Seltsam sticht gegen den Vergnügungs - Verkehr in jenen Stadtteilen, die ich oben bezeichnet habe, die Ruhe im Hafen ab, der sonst ganz Hamburg übertönt. Die Schiffe liegen in ihrem Feierkleid, mit aufgezogener Flagge dicht neben einander gereihet, ruhig und harmlos. Kein Geräusch der Segel, kein Aus - und Einladen von Waren; keine Schifffart, kein Matrosengeschrei, keine Ruderschläge stören diese Stille. Hie und da durchschneidet ein leichtes Boot, oder eine Jolle in taktmäßiger Bewegung die Flut. Sie will den Kapitain an's Land tragen, dem die Einförmigkeit des Hafens nicht behagt. Wahrlich! nur die Schiffe scheinen an einem Sonntage in Hamburg andächtig Gott zu feiern; die Menschen kommen vor lauter Beweglichkeit und Genuss selten zu mehr, als zum Besuch der Kirche.

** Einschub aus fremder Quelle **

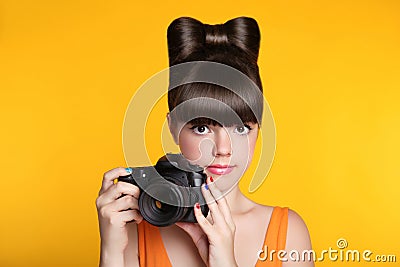 Beautiful young teen girl with camera taking a photo. Pretty mod Stock Photo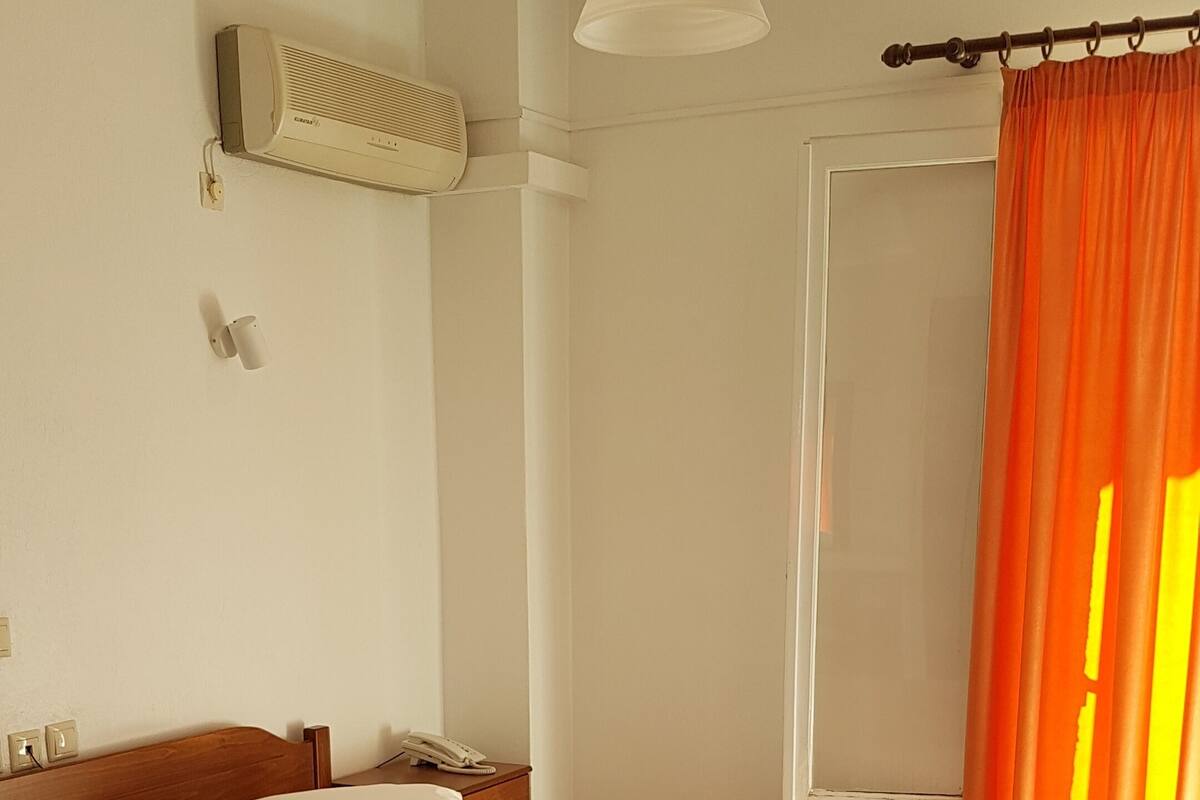 A bedroom with a bed, a bedside table, a lamp, and an air conditioning unit on the wall.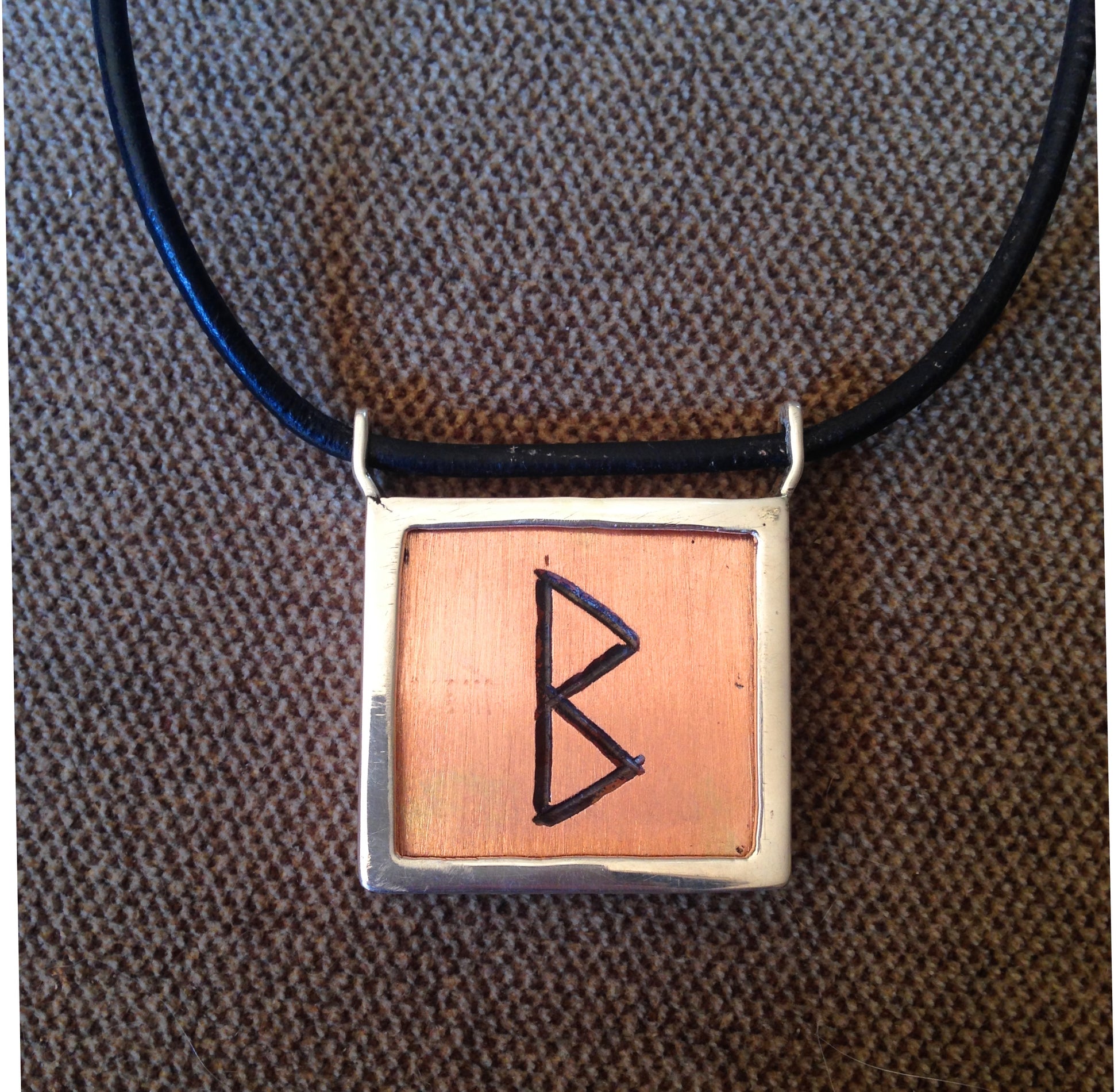 Heavy solid copper rune in silver frame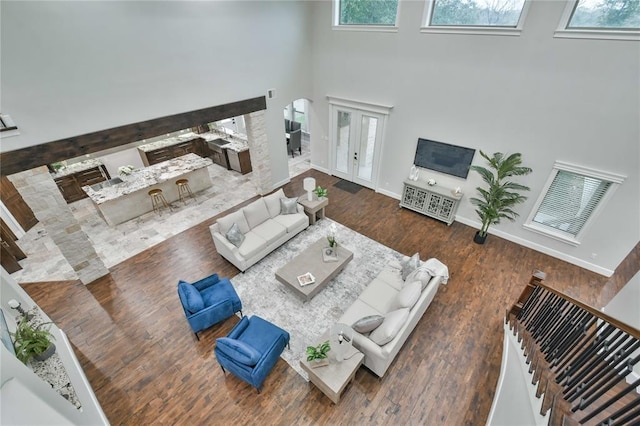 7737 Brookside Rd, Pearland, TX 77581 - living area with a high ceiling, arched walkways, baseboards, and wood finished floors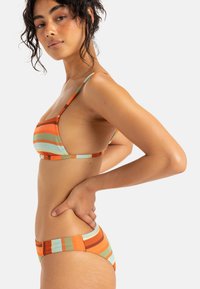 Randig bikiniuppsättning i orange, gröna och bruna nyanser. Har tunna remmar och en strukturerad tygkvalitet med ribbade mönster på båda delarna.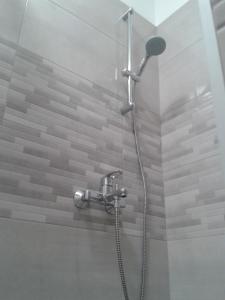 a shower with a shower head in a bathroom at SEA VIEW in Zadar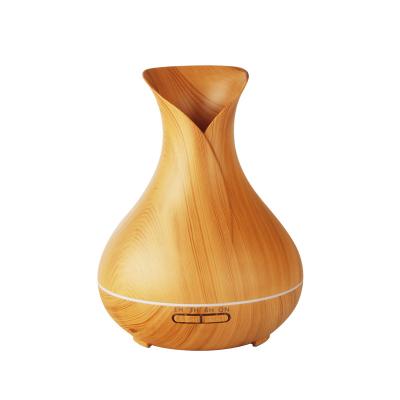 China Speaker Box Home Appliances Electric Wood Grain Oil Diffuser 500ml Essential Ultrasonic Humidifier Aroma Diffuser With Music Speaker for sale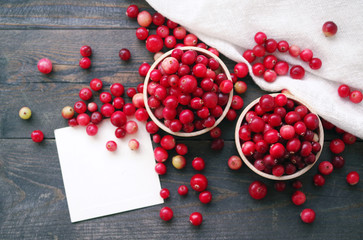 Fresh juicy cranberry  in wooden round bowls and white card with the inscription on a table, close up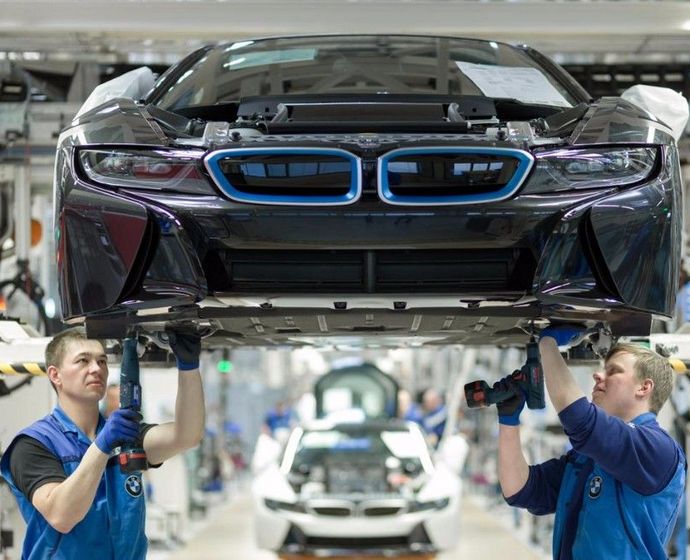 [Translate to Englisch:] Techniker schrauben den Unterboden eines BMW-i-Modells zusammen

Ich habe oben den Charakter der Kirche in Hamburg bezeichnet. Was ich davon sagte bezog sich nur auf sie, als Ausfluss des Staats, nur auf die Geistlichkeit. Dem wirklichen Leben mag man im Ganzen mehr Indifferentismus, als Religiosität nachrühmen; und was für die Kirche in so reichem Maße getan wird, das geht teilweise vom Staat aus, teilweise von dem Familienleben, das übrigens vom Volke geschieden ist. Hamburg selbst, die große Menge, empfindet eben kein religiöses Bedürfnis, das ja überhaupt mehr Moral voraussetzen würde, als man hier im öffentlichen Leben antrifft.